Table 1 shows the relevant parameters used during training. Batch size for each model was maximized to fully utilize available GPU RAM and speed training time. Total possible epochs was specified as 200 (YOLO variants) and 100 (RF-DETR). Early stopping patience was specified as 30 epochs so that no unnecessary compute resources were utilized. Effective training durations—defined as epoch at which validation loss was minimized—were 51 epochs for YOLOv12, 15 for YOLOv26, and 7 for RF-DETR, indicating the maximum epoch limits substantially exceeded the required convergence time. RF-DETR was trained using the rfdetr v1.3.0 and supervision v0.27.0 Python packages published on the open-source Roboflow (Roboflow, Inc., Des Moines, IA, USA) GitHub repositories. YOLOv12 was trained with the GitHub repository implementation due to inefficiencies with the Ultralytics version and to ensure compatibility with Roboflow utilities. YOLOv26 was trained with Ultralytics v8.4.4.

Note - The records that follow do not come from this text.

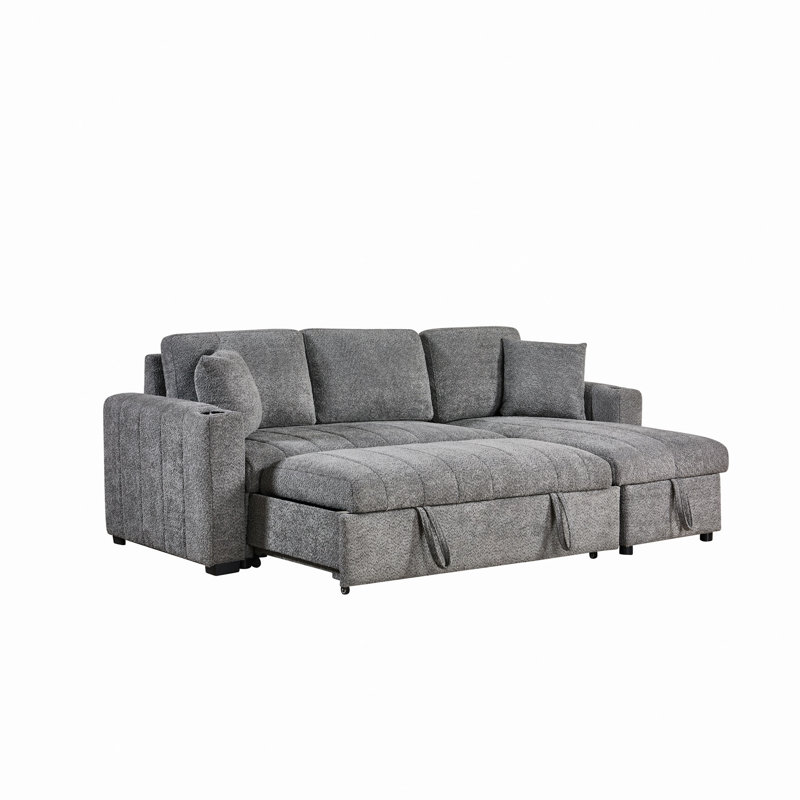 Canapé-lit modulaire réversible en tissu 96 po Seraphina II avec méridienne de rangement, porte-gobelets, port de chargement USB et coussins décoratifs Sercle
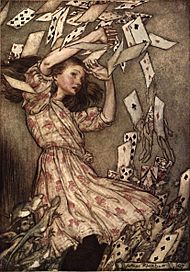 Archivo:Alice in Wonderland by Arthur Rackham - 15 - At this the whole pack rose up into the air and came flying down upon her
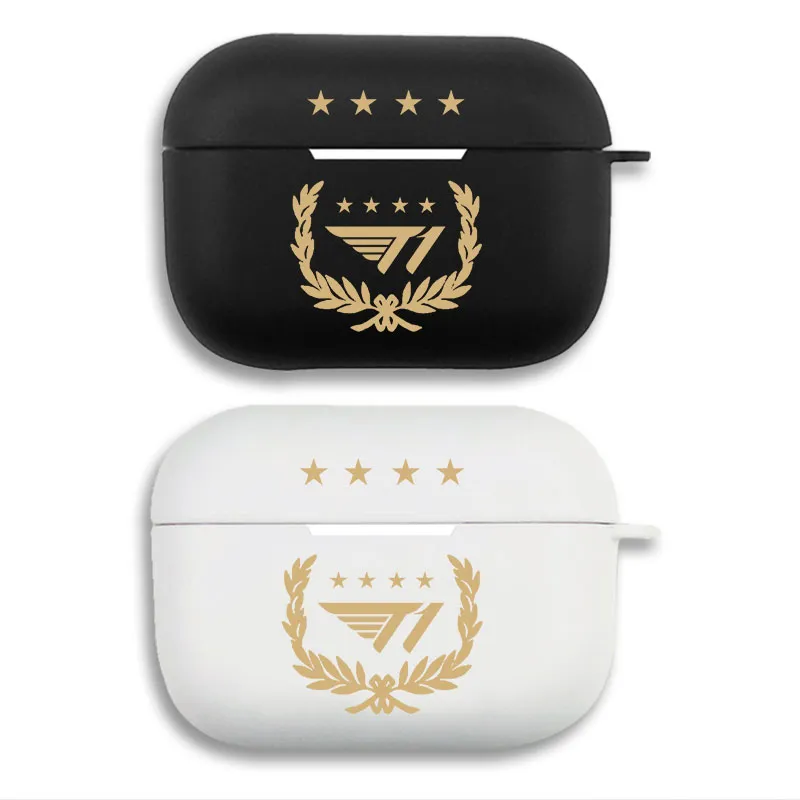 T1 LoL Team 4 Stars Worlds Champions Emblem Graphic Print Matte Silicone AirPods Case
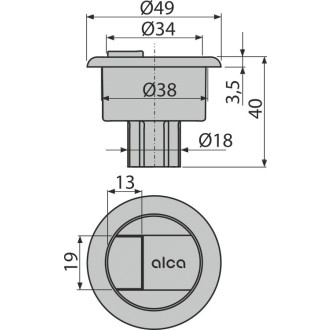 ALCA  V0296-ND Tlačítko kompletní chrom (A08A)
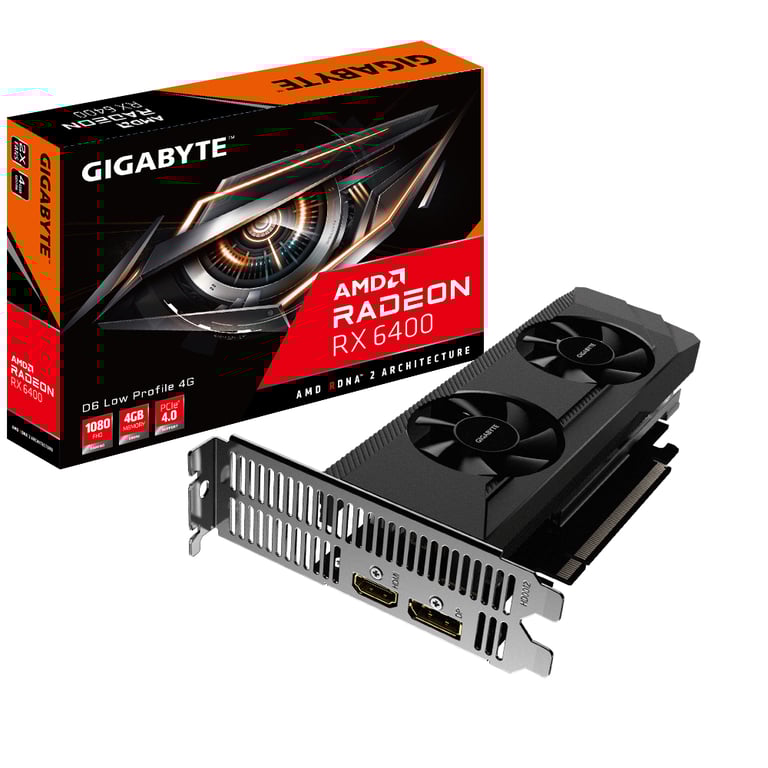 GIGABYTE Radeon RX 6400 D6 LOW AMD 4 Go GDDR6 Neuf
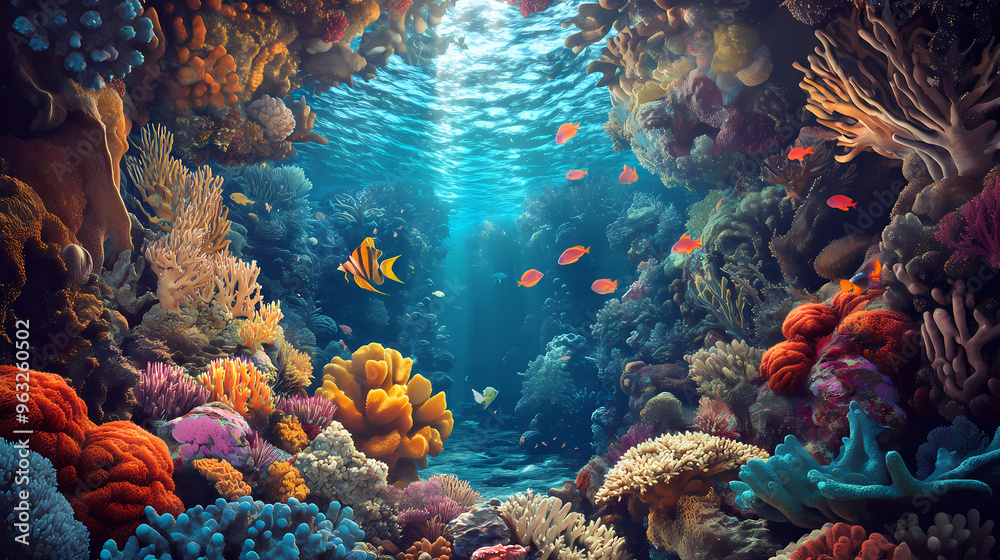 Naklejka premium Enchanting underwater realm: hyperrealistic coral reefs and sea creatures. Hyperrealistic. Illustration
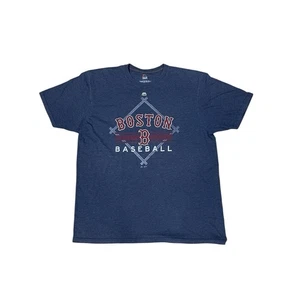 Boston Red Sox Men’s Blue T-Shirt Size 2XL Majestic MLB Ring Spun Soft-Baseball - Picture 1 of 5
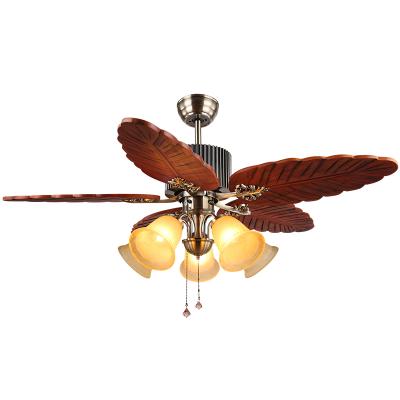 China Decorative Farmhouse Living Room Ceiling Fans Nature Wood Blade With Governor European Style Ceiling Fan With Light for sale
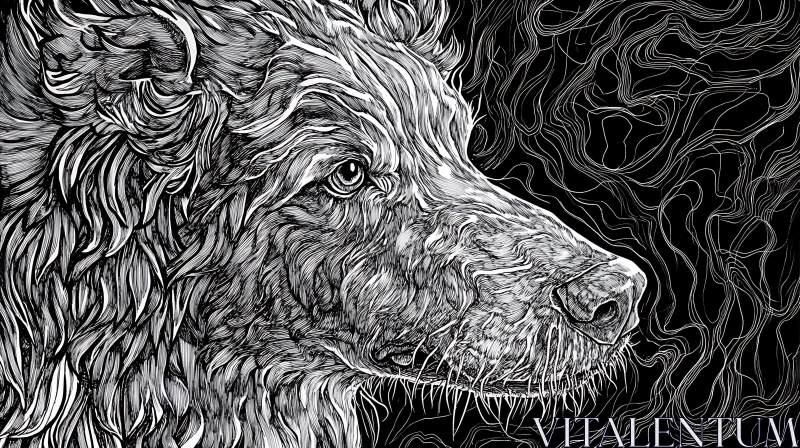 AI ART Monochrome Wolf Head Detailed Ink Art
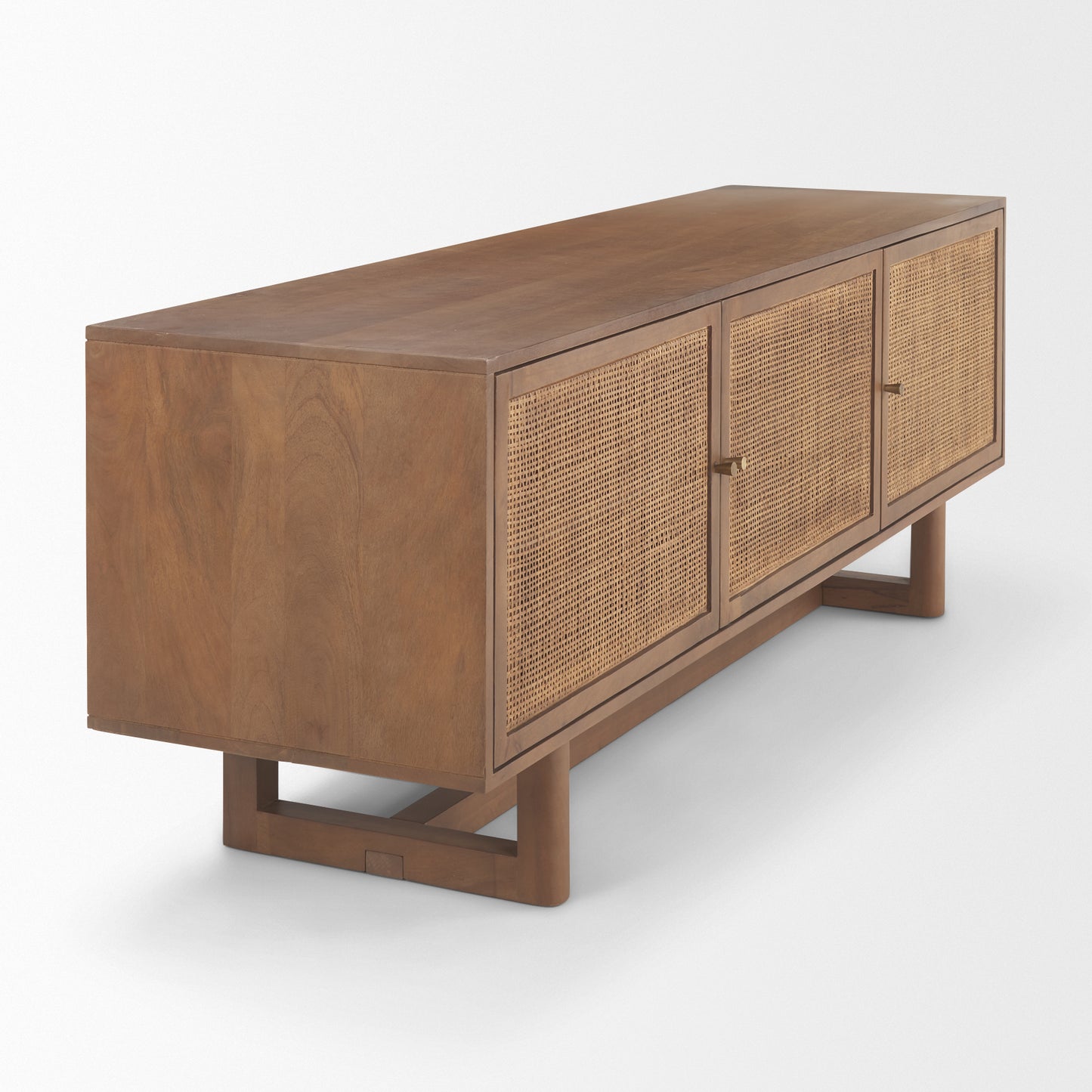 Grier Medium Brown Solid Wood with Cane Media Console - Elegant Design for Stylish Entertainment Spaces and Cozy Living Rooms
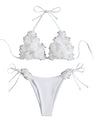 GORGLITTER Women's Appliques Triangle Bikini Set Halter Wireless Bra and Tie Side Thong Swimsuit Set White Small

3.5. Rapid Post-Processing, Inference, & Mapping
Data collected with sonar survey systems, including fishfinders, feature the ability to log sonar datastreams from each sonar beam and associated attributes (i.e., northing, easting, depth at nadir, vessel speed, etc.) to file(s) [
10]. Post-processing utilities specifically designed to decode the often proprietary data structure can be used to generate georeferenced sonar datasets, including mosaics, for further examination in a geographic information system (GIS). Analyzing and mapping features in sonar imagery is a tedious process requiring extensive training and time to accurately map and classify features of interest. To reduce this processing and analysis burden and ensure widespread adoption of our approach to identifying and mapping derelict crab pots in sonar logs, we present GhostVision, an open-source Python utility for rapid post-processing, detection, and mapping of derelict fishing gear. GhostVision features a reproducible pipeline for (a) decoding sonar logs; (b) exporting sonar videos; (c) detecting and tracking crab pots; (d) calculating prediction scores; (e) georeferencing predictions; and (f) exporting detected locations to GPX (GPS Exchange Format) for removal of the gear. Once sonar surveys are collected, the data are downloaded from the fishfinder memory card to a laptop and are post-processed in a fraction of the survey time, facilitating same-day analysis and removal operations.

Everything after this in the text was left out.